Un désir qui passe beaucoup par le produit, que ce soit : 

  • dans une certaine forme d’audace : L’épée 1839 x MB&F, une sculpture exclusive produite uniquement à 100 exemplaires,
  • par un modèle de distribution disruptif : la collaboration Jaquet Droz et Chantal Thomass, une montre sur commande, 
  • ou une approche plus accessible, très Gen Z : la MoonSwatch en biocéramique, écoulée à plus de 3 millions d’exemplaires

Quelques ombres toutefois au cadran : 

  • Un manque de désir sur le produit, dû en partie à trop de rééditions. 
  • Un manque de signature, qui pourrait être compensé, par exemple, par plus de collaborations avec des designers.
  • La question du prix.
  • Et, la saturation du désir, où certains préfèrent les smartwatches ou même, ne plus porter de montre pour ne plus être prisonniers du temps. 
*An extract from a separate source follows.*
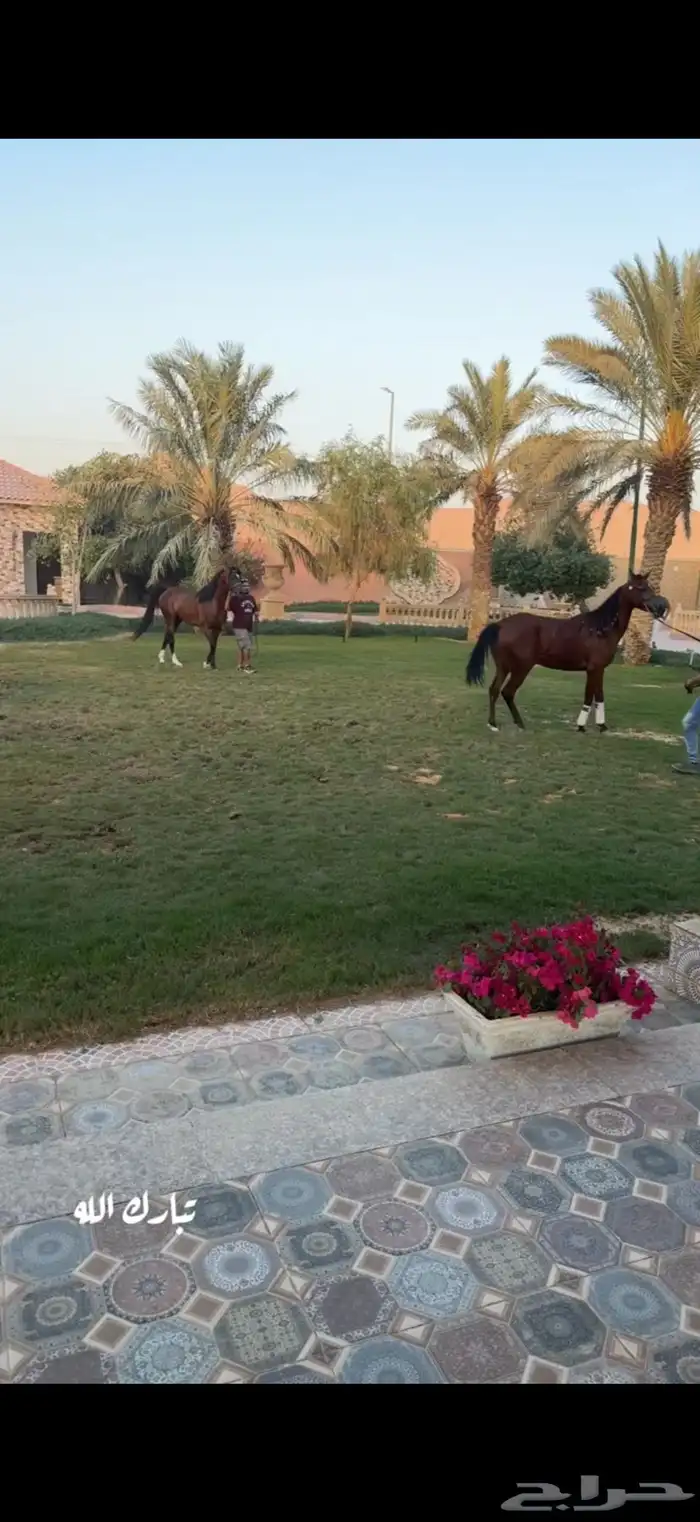 تدريب للشو وإيواءوشراء خيل بغرف مكيفة ومعزولة عزل خيلك بأمان 7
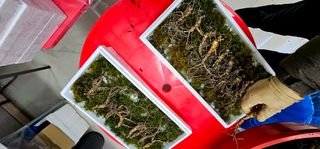 스마일님의 작성글 사진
Pour Alexis de Prevoisin : "il faut redonner de la confiance et du désir, ce qui passe par un "Story-retailing", où il est nécessaire de démontrer tout le savoir-faire, la technologie et raconter l’histoire de la marque, du produit, confier des anecdotes… C’est ce qui permettra de ressusciter le désir émotionnel !". 

En boutique, le conseiller de vente devient alors un véritable coach, conseiller et animateur d’une communauté, il est devenu un "Chief Emotional Officer" : l’humain comme vecteur d’énergie.